Of course, as is ever the case in show business, The Smothers Brothers Comedy Hour probably could have weathered the political storm if the ratings didn't start to erode. They attracted a dedicated audience of younger viewers, who must have had quite enough of life at the Ponderosa, thank you very much, and were grooving on a show that pushed the boundaries—but their interest wavered, and the Smothers' fortunes took a tumble. Looking back all these years later, it seems like pretty tame stuff, but no doubt it was the travails of the Smothers Brothers that made possible everything from the smart satire of Jon Stewart to whatever the yahoos in your community are doing with their fifteen minutes on public access. The show was abruptly canceled in 1969, and even though the Smothers won a breach-of-contract lawsuit against CBS down the road, they were never able again to recapture the zeitgeist in quite the same way. Politics aside, that's one of the hard lessons here: it's not show art. It's show business.

Rating for Style: B+
Rating for Substance: A-

 

Image Transfer

 One
Aspect Ratio1.33:1 - Full Frame
Original Aspect Ratioyes
Anamorphicno


Image Transfer Review: The new interview footage looks fine, and the archival clips from the Smothers Brothers show are surprisingly well preserved—a nice companion piece might have been one or more of the shows in their entirety.

Image Transfer Grade: B
 

Audio Transfer

 LanguageRemote Access
DS 2.0Englishno


Audio Transfer Review: Things sometimes sound a little thin and tinny, but everything is readily audible. Kudos to the filmmakers for putting together this documentary without a narrative track to do the heavy lifting.

Audio Transfer Grade: B- 

Disc Extras

Static menu
Scene Access with 12 cues and remote access
Cast and Crew Biographies
10 Other Trailer(s) featuring Regret to Inform. Speaking In Strings, Bob Dylan: Dont Look Back, Paul Taylor: Dancemaker, Fastpitch, Sound and Fury, Sophie B. Hawkins: The Cream Will Rise, Todd McFarlane: The Devil You Know, Go Tigers!, Keep The River On Your Right
Packaging: generic plastic keepcase
Picture Disc
1 Disc
1-Sided disc(s)
Layers: single

Extra Extras:
  1. excerpt from a forthcoming book on the Smothers Brothers, by David Bianculli
  2. DVD credits
  3. Docurama catalog
Extras Review: Very brief bios are provided for filmmaker Maureen Muldaur, as well as for the Smothers Brothers.

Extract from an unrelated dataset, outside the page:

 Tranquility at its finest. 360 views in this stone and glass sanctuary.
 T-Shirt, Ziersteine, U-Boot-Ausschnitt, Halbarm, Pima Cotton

Television historian David Bianculli gets a good amount of face time in the feature, and the short excerpt here from his forthcoming book doesn't shed any more light on the story than does the documentary, though appended to the excerpt are single panels on eight of the Smothers sketches that proved to be most problematic. A healthy number of trailers from Docurama completes the extras package.

Extras Grade: C
 

Final Comments

CBS's run-ins with the Smothers Brothers was not television's finest hour, and this documentary does a fine job of relating the battles between the brothers on a Hollywood sound stage and the big boys at Black Rock.